In this chapter I consider Shakespeare’s exploration of musical harmony as a means of political representation. Elyot’s treatise illustrates how smoothly the allegorizing rhetoric of musica speculativa moves from the classroom to the public sphere, where it presumes to explain the “ordre of astates and degrees.” As we saw in the last chapter, this rhetoric functions by obscuring the distinction between words about music and musical sound, so that music is made to seem naturally representative of an authorized narrative—of mathematics, cosmology, government, or anything else. In Neoplatonic writings, in particular, the postulation of secret or hidden meanings in music works to mystify—and therefore facilitate—the connection between the physical (“natural”) world and universalizing ideologies of order. It is perhaps for this reason that, in Renaissance England, Neoplatonic formulations of music sometimes seem to be more prevalent in political contexts than in academic ones. Likewise, in Shakespeare’s plays, Neoplatonic ideas of harmony are frequently invoked during moments when political actors attempt to legitimize or mythologize their power, even more so than in the scenes of instruction discussed in the last chapter. In this way, Shakespeare suggests that the ideological work performed by the rhetoric of musica speculativa, while useful in the classroom, is indispensable in the political arena.

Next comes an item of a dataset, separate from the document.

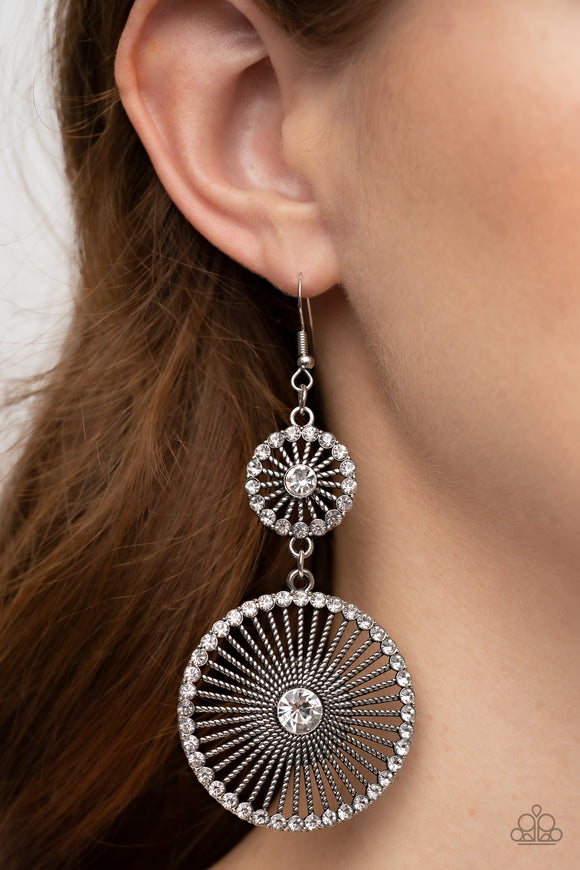 Bring Down the WHEELHOUSE - White Paparazzi Earrings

In characteristic fashion, however, Shakespeare demonstrates the power of heard music to disrupt Neoplatonic models of harmony. Musical sound in the plays frequently grates against its rhetorical representation, exposing the political representation of harmony as a highly intricate shell game. Jacques Attali, the prolific French economist and former adviser to President Mitterand, famously claimed that “listening to music is listening to all noise, realizing that its appropriation and control is a reflection of power, that it is essentially political.” In plays from Julius Caesar to The Tempest, Shakespeare restores to music the “noisiness” that Attali sees as instrumental to its demystification. In this way, Shakespeare allows his audience to witness the political appropriation of music and compare it to their own listening experience, even, as we will see, at the risk of exposing his own plays as artificial constructions. Rather than make use of music’s interpretive promiscuity to create a sense of dramatic unity, Shakespeare’s plays often highlight the incongruence between language and musical sound—an incongruence that is always a possibility when someone attempts to describe an actual musical performance. As the teaching of music in early modern England makes clear, universalizing ideas about music are most persuasive when they are seen and read. They are constantly in danger of being unraveled by acoustic experience, and Shakespeare’s political plays frequently exploit this vulnerability. In each case, the point is clear: we may all agree on the meaning of music, until we are forced to hear it.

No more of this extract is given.